> Source information:
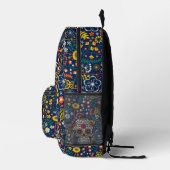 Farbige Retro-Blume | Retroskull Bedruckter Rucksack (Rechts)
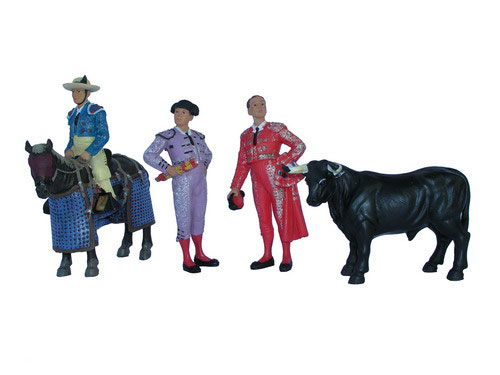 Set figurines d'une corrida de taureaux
...
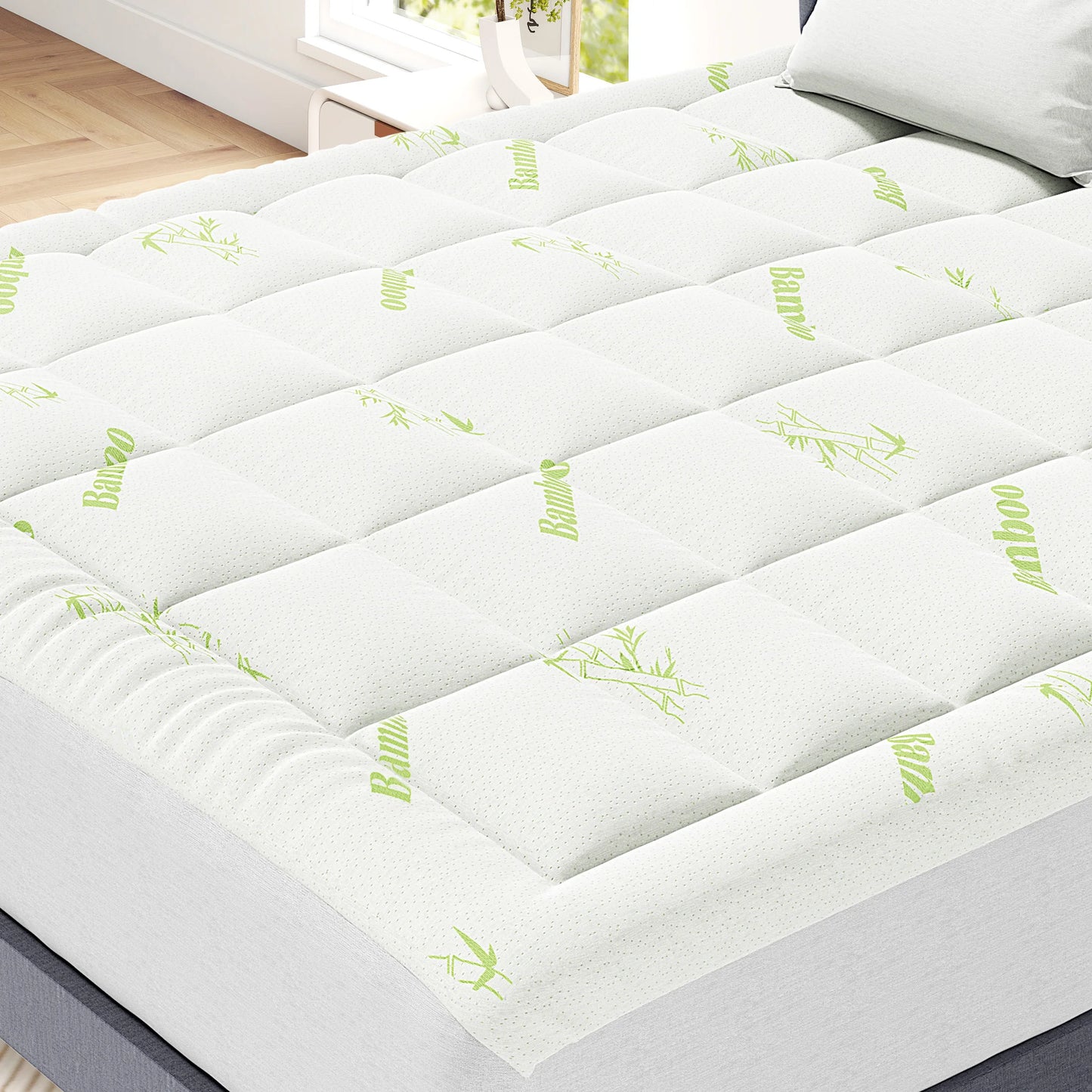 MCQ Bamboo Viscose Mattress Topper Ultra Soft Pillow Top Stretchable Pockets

> What the task requires: Leave out the images and write out the lines above exactly, from the one with "Farbige Retro-Blume |" up to and including the one with "Set figurines d'une corrida de taureaux".

> Expected output:
 Farbige Retro-Blume | Retroskull Bedruckter Rucksack (Rechts)
 Set figurines d'une corrida de taureaux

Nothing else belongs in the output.